This post follows on from here.
Applying this to the question of freedom of expression is a complicated task. Just as with sex, the ability to express ourselves is a fundamental part of what it is to be human. I noted in the first section on rights that we should have the right to freedom of expression, based on the idea that expressing ourselves is a fundamental part of what it is to be an autonomous moral agent. Just as the state should ‘stay out of our sex lives’, the state should also, on the basis of this conception of the right to expressive autonomy, ‘stay out of our expressive lives’ as well. This is in line with my position that we should have the right to freedom of expression. If the state must not interfere with our expressive autonomy, then we should not have content-based laws that stifle hate speech, or any other instances of ‘worthless’ expression. There is a further (consequentialist) reason which might strengthen this idea if the idea of a right to expressive autonomy is not convincing enough. In cases of homicide or litter-dropping, there is a direct and narrow effect of the action, i.e. a person is killed or a street is made dirtier.

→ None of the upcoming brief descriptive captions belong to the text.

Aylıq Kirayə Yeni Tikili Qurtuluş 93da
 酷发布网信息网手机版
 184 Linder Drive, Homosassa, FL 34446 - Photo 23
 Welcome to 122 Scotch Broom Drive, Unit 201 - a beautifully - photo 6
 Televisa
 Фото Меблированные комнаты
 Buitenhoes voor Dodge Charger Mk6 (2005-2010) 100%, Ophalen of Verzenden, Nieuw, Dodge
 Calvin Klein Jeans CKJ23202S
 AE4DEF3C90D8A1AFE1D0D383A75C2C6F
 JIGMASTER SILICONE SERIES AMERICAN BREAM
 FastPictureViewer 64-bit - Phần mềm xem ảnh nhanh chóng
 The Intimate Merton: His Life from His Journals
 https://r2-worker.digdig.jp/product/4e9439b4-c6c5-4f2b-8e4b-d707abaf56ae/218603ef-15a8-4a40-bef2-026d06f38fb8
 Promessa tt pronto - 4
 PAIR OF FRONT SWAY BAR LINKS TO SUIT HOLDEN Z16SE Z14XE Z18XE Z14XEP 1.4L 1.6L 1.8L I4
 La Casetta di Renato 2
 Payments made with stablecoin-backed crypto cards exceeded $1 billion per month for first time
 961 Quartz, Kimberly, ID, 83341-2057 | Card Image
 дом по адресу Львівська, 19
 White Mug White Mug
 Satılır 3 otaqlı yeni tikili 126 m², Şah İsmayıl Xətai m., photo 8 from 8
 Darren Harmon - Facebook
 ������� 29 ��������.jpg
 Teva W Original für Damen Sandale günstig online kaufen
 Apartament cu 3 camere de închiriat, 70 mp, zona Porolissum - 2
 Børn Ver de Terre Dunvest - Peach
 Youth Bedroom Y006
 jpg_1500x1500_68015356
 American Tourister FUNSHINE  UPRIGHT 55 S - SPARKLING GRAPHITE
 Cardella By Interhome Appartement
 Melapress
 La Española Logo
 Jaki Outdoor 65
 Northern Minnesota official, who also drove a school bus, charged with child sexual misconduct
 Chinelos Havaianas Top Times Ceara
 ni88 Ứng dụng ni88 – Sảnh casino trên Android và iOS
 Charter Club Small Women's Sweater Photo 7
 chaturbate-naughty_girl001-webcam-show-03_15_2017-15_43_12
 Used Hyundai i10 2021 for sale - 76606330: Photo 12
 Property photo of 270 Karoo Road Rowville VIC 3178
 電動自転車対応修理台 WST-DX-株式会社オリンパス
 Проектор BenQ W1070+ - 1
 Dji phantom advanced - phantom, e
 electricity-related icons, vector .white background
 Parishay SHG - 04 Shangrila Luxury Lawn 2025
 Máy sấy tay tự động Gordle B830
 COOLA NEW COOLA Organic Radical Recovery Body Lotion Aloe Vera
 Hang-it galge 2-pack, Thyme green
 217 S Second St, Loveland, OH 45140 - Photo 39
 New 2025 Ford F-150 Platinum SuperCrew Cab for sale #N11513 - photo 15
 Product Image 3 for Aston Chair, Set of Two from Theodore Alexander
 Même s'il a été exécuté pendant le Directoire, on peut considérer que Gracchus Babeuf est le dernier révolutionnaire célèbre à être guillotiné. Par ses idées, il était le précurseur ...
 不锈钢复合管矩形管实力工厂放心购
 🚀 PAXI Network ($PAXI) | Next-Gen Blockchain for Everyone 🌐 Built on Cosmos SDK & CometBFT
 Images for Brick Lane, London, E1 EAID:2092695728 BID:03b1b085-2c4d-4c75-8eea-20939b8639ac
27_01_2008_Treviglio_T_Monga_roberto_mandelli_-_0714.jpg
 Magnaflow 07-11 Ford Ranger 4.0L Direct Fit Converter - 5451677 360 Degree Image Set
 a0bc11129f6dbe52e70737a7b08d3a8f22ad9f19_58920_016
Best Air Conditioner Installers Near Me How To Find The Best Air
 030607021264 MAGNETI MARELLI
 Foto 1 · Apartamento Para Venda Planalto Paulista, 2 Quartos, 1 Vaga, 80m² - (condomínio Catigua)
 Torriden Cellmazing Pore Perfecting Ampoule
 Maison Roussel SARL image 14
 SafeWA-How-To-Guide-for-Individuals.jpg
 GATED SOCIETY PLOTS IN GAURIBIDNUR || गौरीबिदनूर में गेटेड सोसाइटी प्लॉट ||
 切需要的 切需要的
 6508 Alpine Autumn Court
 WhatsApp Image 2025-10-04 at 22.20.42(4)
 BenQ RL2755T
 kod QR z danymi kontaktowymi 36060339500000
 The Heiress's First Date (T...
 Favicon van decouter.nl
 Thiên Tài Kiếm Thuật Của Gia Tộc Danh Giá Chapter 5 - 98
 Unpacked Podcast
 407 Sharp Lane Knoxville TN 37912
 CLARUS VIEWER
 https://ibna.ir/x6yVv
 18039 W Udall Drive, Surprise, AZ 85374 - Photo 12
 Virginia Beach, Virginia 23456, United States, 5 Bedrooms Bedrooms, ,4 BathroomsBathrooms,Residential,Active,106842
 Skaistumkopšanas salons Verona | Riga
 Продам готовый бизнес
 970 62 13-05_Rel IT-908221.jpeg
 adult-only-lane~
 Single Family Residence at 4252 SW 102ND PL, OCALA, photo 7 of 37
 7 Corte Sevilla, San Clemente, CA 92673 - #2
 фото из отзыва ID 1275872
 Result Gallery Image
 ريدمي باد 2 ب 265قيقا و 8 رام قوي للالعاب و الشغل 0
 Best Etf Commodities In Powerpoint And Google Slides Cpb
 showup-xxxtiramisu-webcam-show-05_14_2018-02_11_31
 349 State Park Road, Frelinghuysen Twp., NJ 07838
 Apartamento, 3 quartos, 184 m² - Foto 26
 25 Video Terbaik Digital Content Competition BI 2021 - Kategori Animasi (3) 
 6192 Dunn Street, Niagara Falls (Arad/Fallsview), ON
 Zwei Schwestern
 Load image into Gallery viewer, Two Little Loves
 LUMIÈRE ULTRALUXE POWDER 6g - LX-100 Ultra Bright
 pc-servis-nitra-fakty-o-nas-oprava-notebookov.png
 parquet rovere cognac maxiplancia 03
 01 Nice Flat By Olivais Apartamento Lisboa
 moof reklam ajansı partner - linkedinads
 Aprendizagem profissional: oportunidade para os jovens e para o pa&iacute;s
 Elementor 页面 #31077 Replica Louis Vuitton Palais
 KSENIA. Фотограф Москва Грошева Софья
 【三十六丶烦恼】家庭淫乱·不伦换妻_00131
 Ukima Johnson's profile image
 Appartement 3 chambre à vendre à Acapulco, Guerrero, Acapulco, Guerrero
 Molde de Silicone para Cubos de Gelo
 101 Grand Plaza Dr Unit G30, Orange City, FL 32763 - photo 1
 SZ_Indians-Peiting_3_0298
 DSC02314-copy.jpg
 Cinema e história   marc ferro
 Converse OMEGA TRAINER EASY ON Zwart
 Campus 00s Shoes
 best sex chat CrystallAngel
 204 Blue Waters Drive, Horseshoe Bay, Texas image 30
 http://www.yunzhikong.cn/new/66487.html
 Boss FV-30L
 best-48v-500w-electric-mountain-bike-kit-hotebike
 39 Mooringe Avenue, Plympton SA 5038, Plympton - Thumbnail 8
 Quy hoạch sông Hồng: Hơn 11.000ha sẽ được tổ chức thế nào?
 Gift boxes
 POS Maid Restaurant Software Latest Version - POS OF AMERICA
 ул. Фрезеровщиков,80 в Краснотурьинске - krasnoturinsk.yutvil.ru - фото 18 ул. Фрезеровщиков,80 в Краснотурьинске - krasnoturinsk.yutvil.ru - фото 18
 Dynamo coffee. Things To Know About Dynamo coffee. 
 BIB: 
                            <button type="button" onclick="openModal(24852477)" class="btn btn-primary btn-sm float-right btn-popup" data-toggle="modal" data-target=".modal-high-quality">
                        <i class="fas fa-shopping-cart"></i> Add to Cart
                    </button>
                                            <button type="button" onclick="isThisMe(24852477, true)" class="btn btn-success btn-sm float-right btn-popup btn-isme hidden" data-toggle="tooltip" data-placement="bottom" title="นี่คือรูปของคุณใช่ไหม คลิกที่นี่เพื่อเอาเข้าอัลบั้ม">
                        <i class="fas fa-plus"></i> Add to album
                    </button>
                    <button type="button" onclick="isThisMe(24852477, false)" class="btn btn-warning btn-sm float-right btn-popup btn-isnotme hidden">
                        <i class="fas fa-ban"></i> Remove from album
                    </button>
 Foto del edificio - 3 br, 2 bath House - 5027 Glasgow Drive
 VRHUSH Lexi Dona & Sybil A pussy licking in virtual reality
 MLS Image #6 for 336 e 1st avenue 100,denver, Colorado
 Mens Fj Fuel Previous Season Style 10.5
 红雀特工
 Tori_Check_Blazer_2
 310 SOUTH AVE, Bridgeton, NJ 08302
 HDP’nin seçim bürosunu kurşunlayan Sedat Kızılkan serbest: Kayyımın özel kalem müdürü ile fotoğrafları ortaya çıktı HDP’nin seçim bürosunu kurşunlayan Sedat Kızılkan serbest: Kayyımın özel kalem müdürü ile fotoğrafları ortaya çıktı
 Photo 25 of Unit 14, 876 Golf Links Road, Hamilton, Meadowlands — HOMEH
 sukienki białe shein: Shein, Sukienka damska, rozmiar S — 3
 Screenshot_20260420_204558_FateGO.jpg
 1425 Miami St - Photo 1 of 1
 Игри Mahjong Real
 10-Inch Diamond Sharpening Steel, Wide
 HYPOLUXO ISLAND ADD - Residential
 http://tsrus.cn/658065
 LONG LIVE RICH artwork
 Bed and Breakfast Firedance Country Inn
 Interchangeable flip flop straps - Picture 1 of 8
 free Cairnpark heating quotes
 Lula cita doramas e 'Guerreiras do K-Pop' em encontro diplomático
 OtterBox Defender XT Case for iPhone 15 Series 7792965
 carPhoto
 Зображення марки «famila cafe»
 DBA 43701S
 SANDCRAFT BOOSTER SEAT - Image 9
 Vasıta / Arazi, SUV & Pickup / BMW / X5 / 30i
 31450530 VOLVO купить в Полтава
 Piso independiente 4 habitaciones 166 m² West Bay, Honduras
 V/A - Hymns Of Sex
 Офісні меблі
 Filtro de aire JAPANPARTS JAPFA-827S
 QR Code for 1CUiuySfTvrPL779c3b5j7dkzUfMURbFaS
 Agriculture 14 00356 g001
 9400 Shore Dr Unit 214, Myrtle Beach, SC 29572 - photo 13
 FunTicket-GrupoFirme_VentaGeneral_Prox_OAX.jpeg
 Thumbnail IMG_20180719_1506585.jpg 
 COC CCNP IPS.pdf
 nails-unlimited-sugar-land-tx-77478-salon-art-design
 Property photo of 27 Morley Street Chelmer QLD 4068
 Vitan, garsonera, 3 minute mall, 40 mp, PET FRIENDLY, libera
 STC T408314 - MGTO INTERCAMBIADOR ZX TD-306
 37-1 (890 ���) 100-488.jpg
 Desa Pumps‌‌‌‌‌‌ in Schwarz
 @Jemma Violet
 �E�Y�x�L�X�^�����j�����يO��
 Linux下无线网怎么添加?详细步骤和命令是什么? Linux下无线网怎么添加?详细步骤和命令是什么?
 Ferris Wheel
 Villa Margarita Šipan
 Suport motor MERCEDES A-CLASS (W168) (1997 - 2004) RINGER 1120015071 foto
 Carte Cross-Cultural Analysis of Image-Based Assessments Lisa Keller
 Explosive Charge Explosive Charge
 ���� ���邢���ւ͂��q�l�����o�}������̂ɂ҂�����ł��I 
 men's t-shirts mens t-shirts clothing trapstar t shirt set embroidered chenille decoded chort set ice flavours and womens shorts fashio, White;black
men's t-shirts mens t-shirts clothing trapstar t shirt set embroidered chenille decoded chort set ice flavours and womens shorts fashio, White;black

With harmful expression, the harm requires a listener, and is exacerbated the more listeners there are. Each time the state intervenes it is usually accompanied by media coverage, and this disseminates the hate speech to a much wider audience. So, if hate speech is harmful as a result of it being heard, and the stifling of that expression means that more people hear it, we cause more potential harm and further the incitement by restricting the expression. By trying to silence it, we make it seem more prominent and facilitate its dissemination by means of the resulting media coverage.
I think then that while we want to have a society in which there is no hate speech, and thus the dignity of minorities is free from harm caused by hate speech, I do not think that the state is justified in restricting hate speech.